What are the different types of database keys?

Keys come in two basic flavors: natural and surrogate. Natural keys, as their name suggests, are values that occur naturally in the data. They have real-world or business meaning: an email address, the street address of a building, the serial number of an inventory item, etc. In contrast, a surrogate key (sometimes called a synthetic key) is a value added to each row upon creation. A surrogate exists only within the confines of the database; it has no meaning outside of it.

A natural key often contains two or more columns. For instance, the key for a table of vehicle types might include the make, model, year, and trim level, all four columns of which must be combined to create the value that uniquely identifies each row. Surrogate keys are always a single column, though the value of each key may be anything you choose – as long as each value is distinct from all others.
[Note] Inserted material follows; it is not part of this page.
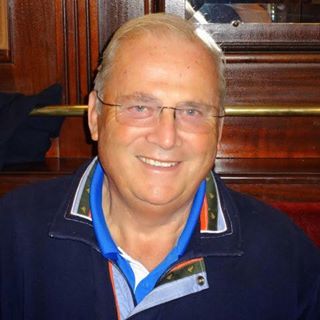 Ian Nicholson's avatar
Why use a surrogate database key?

Some tables lack natural keys and so a surrogate must be used. But even when a natural key exists, developers still usually add a surrogate. In fact, in many development shops, it’s best practice to add a surrogate to all tables. But if a natural key is already in the data, why go to the extra trouble to add a surrogate? There are a few reasons why natural keys may be unsuitable:

In the early days of databases, adding a surrogate key and automatically generating its value was difficult and fraught with pitfalls. That’s no longer true: all modern DBMS’ natively support automatically-generated surrogates with just a single statement, though the syntax does vary slightly between platforms.

Should you always use a surrogate database key?

Now we ask the opposite question: with all the advantages surrogates have, why would we not use one? The simple answer is performance. Even with today’s hardware, wider rows mean less performance. On most tables, the overhead of a single additional column is negligible, but for large, narrow tables (such as certain time series data) the performance hit can be significant.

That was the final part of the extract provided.